Emits an incoming object if its return value of fn is different from that produced by the preceding object. Optionally, the initial value of fn may be provided. In such case, the first incoming object is compared with that value. Otherwise, the first object is always emitted.

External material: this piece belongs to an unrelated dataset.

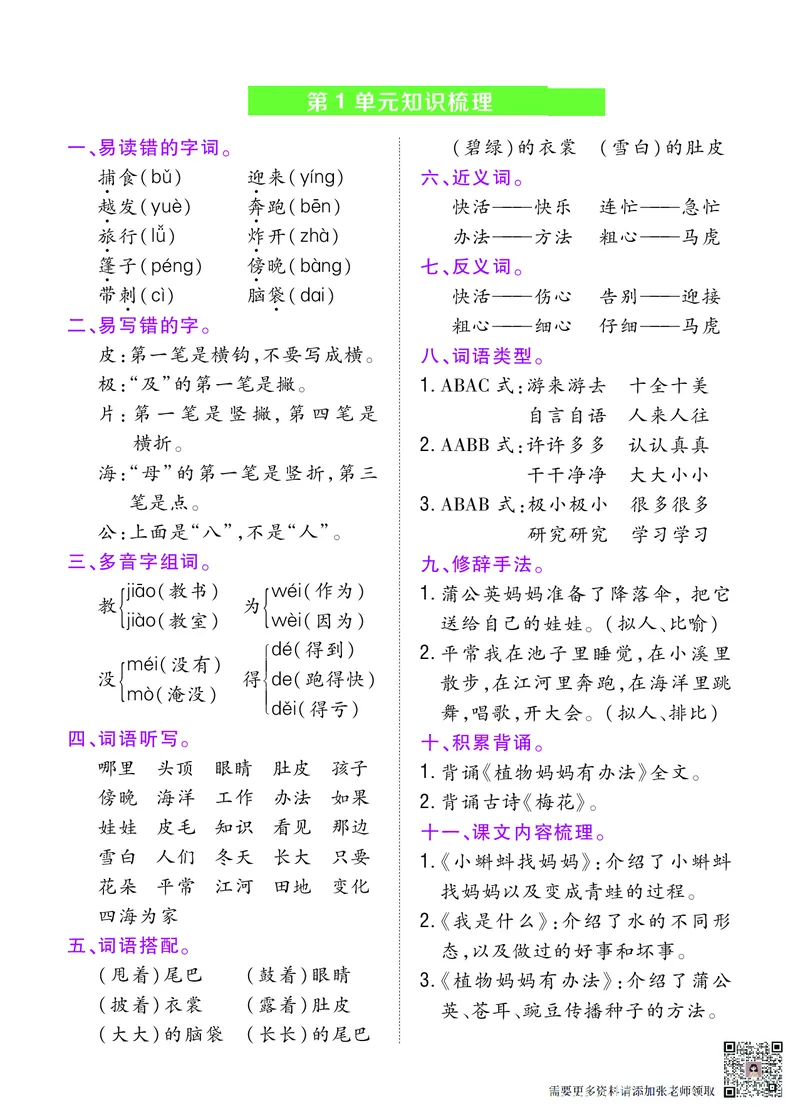 二年级上册单元知识梳理(1)(1)_二年级上下册资料_二年级上册小红书同款资料_二年级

# Do not emit consecutive even numbers.
xs = Fluxite::Port(Int32).new
xs.squash_by(&.even?).each { |x| p! x }

Fluxite[xs, 1]
Fluxite[xs, 2]
Fluxite[xs, 4]
Fluxite[xs, 5]
Fluxite[xs, 6]
Fluxite[xs, 7]

# STDOUT:
#   x # => 1
#   x # => 2
#   x # => 5
#   x # => 6
#   x # => 7

[View source]
def squash_by(&fn : T -> U) forall U #

Emits an incoming object if its return value of fn is different from that produced by the preceding object. Optionally, the initial value of fn may be provided. In such case, the first incoming object is compared with that value. Otherwise, the first object is always emitted.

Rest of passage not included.